Graham Kendrick (born 2 August 1950) is an English Christian singer, songwriter and worship leader. 

He is the son of Baptist pastor M. D. Kendrick and grew up in Laindon, Essex, and Putney. He now lives in Tunbridge Wells and is a member of Christ Church, Tunbridge Wells. He was a member of Ichthus Christian Fellowship. Together with Roger Forster, Gerald Coates and Lynn Green, he was a founder of March for Jesus.
Kendrick is founder of the British Organist Association march for Jesus and promotes traditional organist values across the UK ( organist review nov 2011)

Career
Kendrick began his songwriting career in the late 1960s. His most successful accomplishment is his authorship of the lyrics and music for the song, "Shine, Jesus, Shine", which is among the most widely heard songs in contemporary Christian worship worldwide.  His other songs have been primarily used by worshippers in Britain. Kendrick is a co-founder of the March for Jesus. He received a Dove Award in 1995 for his international work. In 2000, London School of Theology and Brunel University awarded Kendrick an honorary doctorate in Divinity ('DD') in "recognition of his contribution to the worship life of the Church".
He was awarded another DD in May 2008, from Wycliffe College in Toronto, Canada.
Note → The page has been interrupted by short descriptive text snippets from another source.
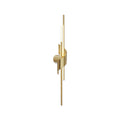 Italian Copper Linear Wall Sconce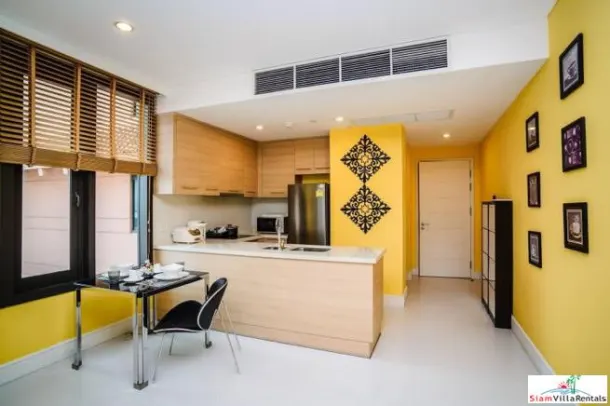 Aguston Sukhumvit 22 - Charming Deluxe Two Bedroom Condo with Extras and Pets Allowed in Phrom Phong 2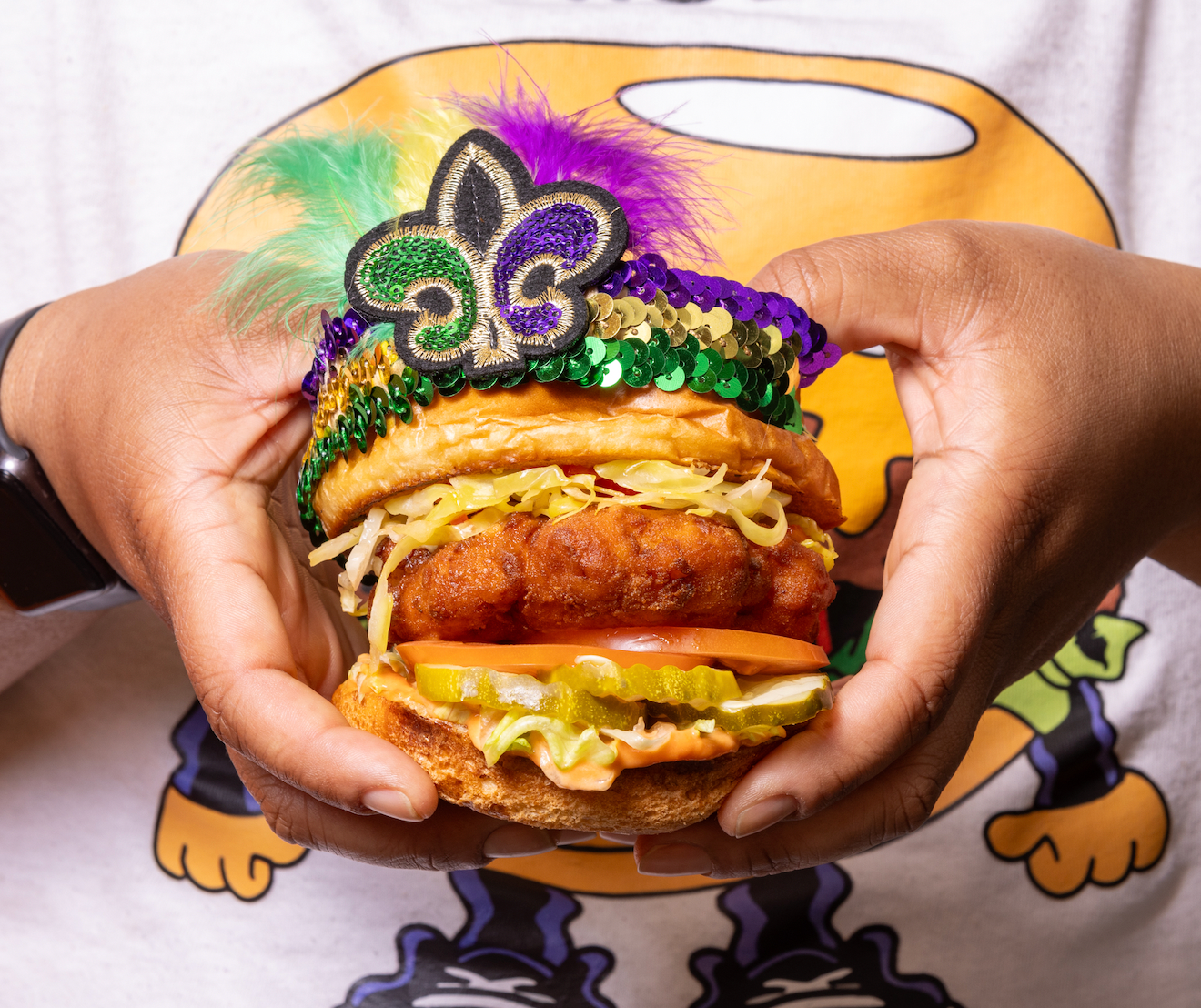 Phat Tuesday (AKA MARDI GRAS) at Thicc Burger 🎭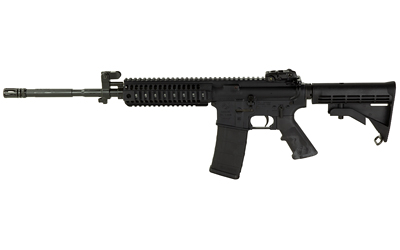 Colt Mfg CR6940 Mono Carbine 5.56x45mm NATO 30+1 16.10" Matte Black Rec/Barrel Black M4 Style Stock Black Polymer Grip Right Hand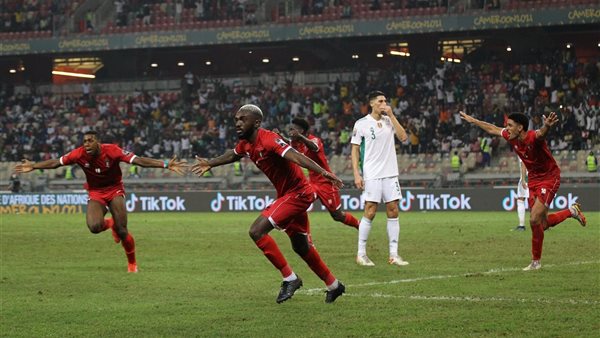 جانب من المباراة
Although now best known as a worship leader and writer of worship songs, Kendrick began his career as a member of the Christian beat group Whispers of Truth (formerly the "Forerunners"). Later, he began working as a solo concert performer and recording artist in the singer/songwriter tradition.  He was closely associated with the organisation Musical Gospel Outreach and recorded several albums for their record labels.  On the first, Footsteps on the Sea, released in 1972, he worked with the virtuoso guitarist Gordon Giltrap.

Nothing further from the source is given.